Sculptor and Engineer James Capper Brings Mountain-Scaling Machinery into the Gallery Space
By Molly Osberg

It doesn’t take the sculptor and engineer James Capper, who speaks with me over the phone from London, very long to really get going—a conversation about most recent solo show, “Mountaineer” at Paul Kasmin Gallery, rapidly turns existential. “I mean, what happens on the other side of this cliff edge?” asks the young artist. “Are we falling down onto rocks or are we flying on something miraculously new we’ve developed?” 
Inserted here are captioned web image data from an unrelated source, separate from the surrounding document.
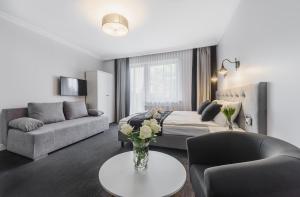 a living room with a couch and a table at Willa Feria in Międzyzdroje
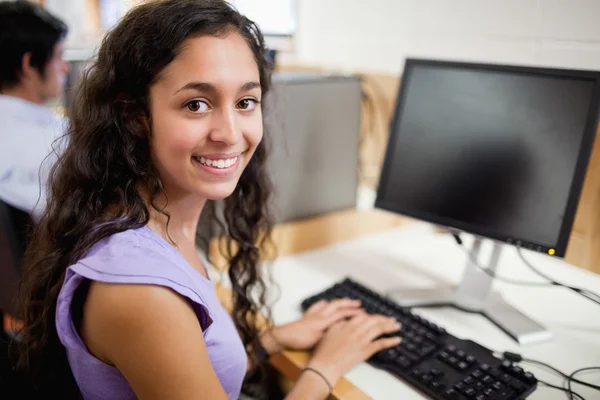 Mosolygós barna diák pózol egy számítógéppel — Stock Fotó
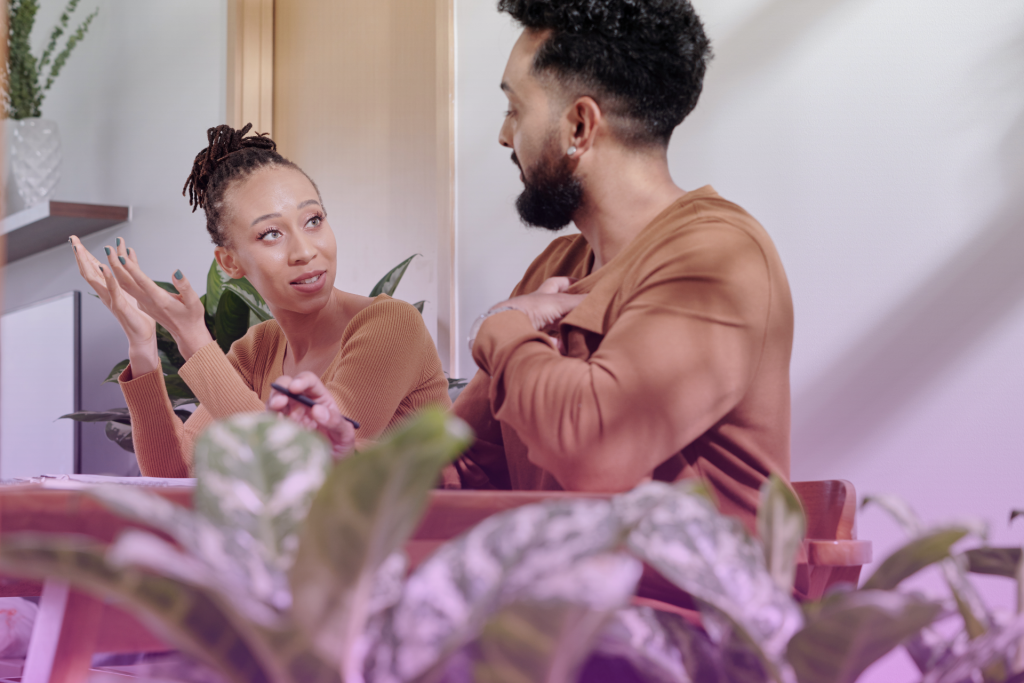 A happy couple sitting at a table, reviewing documents and discussing the steps to creating a postnuptial agreement.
These questions, centered as they are on modern technologies and their exponential effect on our lives, are the unstated yet coherent core of Capper’s practice. Simply put, Capper makes machines, which he likes to call “mobile sculptures.” Their large-scale earth-moving capacities—and their incorporation of mechanisms used in mining, drilling, and agricultural business—have earned him comparisons to land artists such as Robert Smithson. But for Capper, who was born in 1987, the imperative to engineer such machines is very much of this age. “This stuff is fundamentally key to our generation,” he says. “Instead of getting too tangled up in the perks of technology, we mustn’t forget that engineering is the fundamental reality of making a road, making a plane go into the sky, taking us from A to B in a physical way.”     

Understandably, the artist who says his studio looks like “a Caterpillar excavator dealership” scales down his work somewhat to hang it in a gallery—he refers to the “Mountaineer” exhibition as more of a “demonstration than an installation.” Capper habitually categorizes his work into “divisions” based on their intended function; theMountaineer, a four-legged mobile earth-moving sculpture, is the “top of the family tree” for his earth-moving projects. On view in the gallery are the Mountaineer’s teeth—specifically designed to move the ice and rock on craggy peak—and colorful drawings of the machine’s three-ton, eight-ton, and 30-ton sizes. Capper says that, once completed, he’d like the make a movie of the Mountaineer in its natural habitat, recalling the wonder and sense of scale at the heart of early Arctic explorations. “The problem that we have,” says Capper, “is that I feel the human race has this misunderstanding of what they can and can’t do—the kinds of things [we] can make.”     

“Mountaineer” is on view at Paul Kasmin Gallery, New York, Feb. 12–Mar. 14, 2015.